2013年1月19日(土)
志賀原発北に「活断層」
科学者会議など調査報告
富来川南岸断層
北陸電力志賀(しか)原子力発電所(石川県志賀町)の北約9キロ付近に存在が指摘されている「富来(とぎ)川南岸断層」について、日本科学者会議石川支部、原発問題住民運動石川県連絡センターなど4団体は18日、同断層が活断層であることが決定的になったとする調査結果を発表しました。志賀原発に関しては、敷地直下を通るS―1断層の存在も指摘されており、地震が原発に与える影響が危ぐされています。
4団体は、昨年春以降数回にわたり新潟大学名誉教授(地質学)の立石雅昭氏とともに調査を実施。周辺地域の地層や斜面から土壌サンプルを採取し、年代特定や構成物の分析を進めてきました。

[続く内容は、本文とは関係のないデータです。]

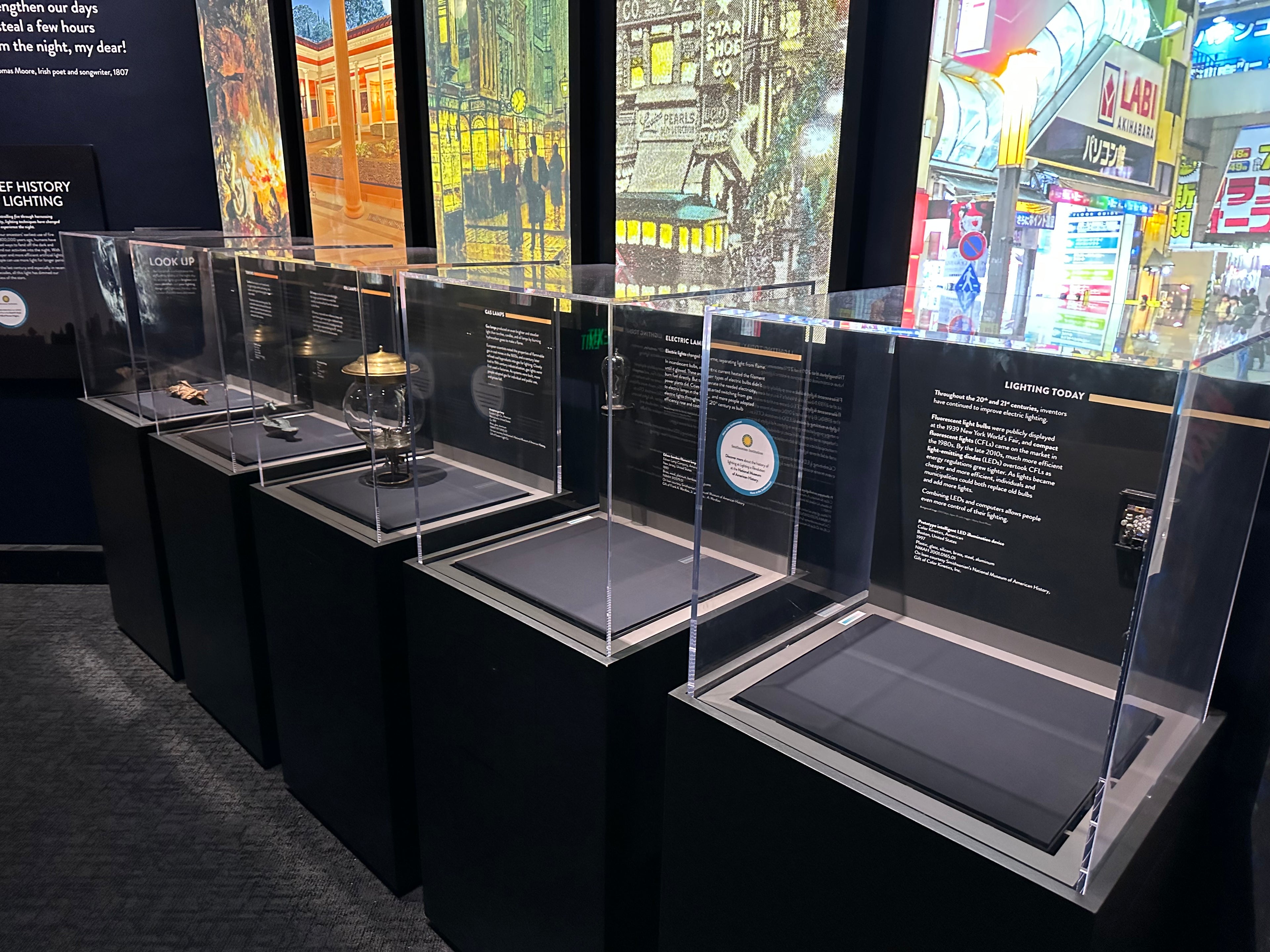Museum Quality Acrylic Boxes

調査では、12万〜13万年前に堆積した「中位段丘」と呼ばれる地層を土壌サンプルの分析や斜面の観察で特定。周辺地域で比較したところ、富来川北岸で標高約20メートルに見られた中位段丘が南岸では標高約40メートル地点にあり、地形に急激な変化が生じたことがわかりました。
立石氏は「地形の隆起の状況から判断すれば活発な断層活動があったと見るべきだ」と指摘し、富来川南岸断層の存在と活動性の高さが決定的になったと結論付けました。
富来川南岸断層をめぐっては、渡辺満久東洋大教授、鈴木康弘名古屋大教授が昨年5月に原発の耐震安全性を検討する際に考慮が必要な13万〜12万年前までに動いた活断層の可能性が高いと発表しており、今回の4団体の調査はこれを裏付けるものとなりました。
立石氏は「私たちの今回の調査をはじめ、渡辺・鈴木両教授の研究、これまでの能登半島の断層に関する研究を見ても、この地域で地震が繰り返し発生していることは確定的だ」と強調。「北陸電力は断層の活動性を認めたうえで厳正な調査を進め、どのような影響があるのか公表すべきだ」と話しています。
4団体と立石氏は、調査結果の公表と同時に、北陸電力と石川県には17日、断層の徹底調査と志賀原発廃炉の決断を下すよう要請し、国の原子力規制委員会には調査報告書を送付したことを明らかにしました。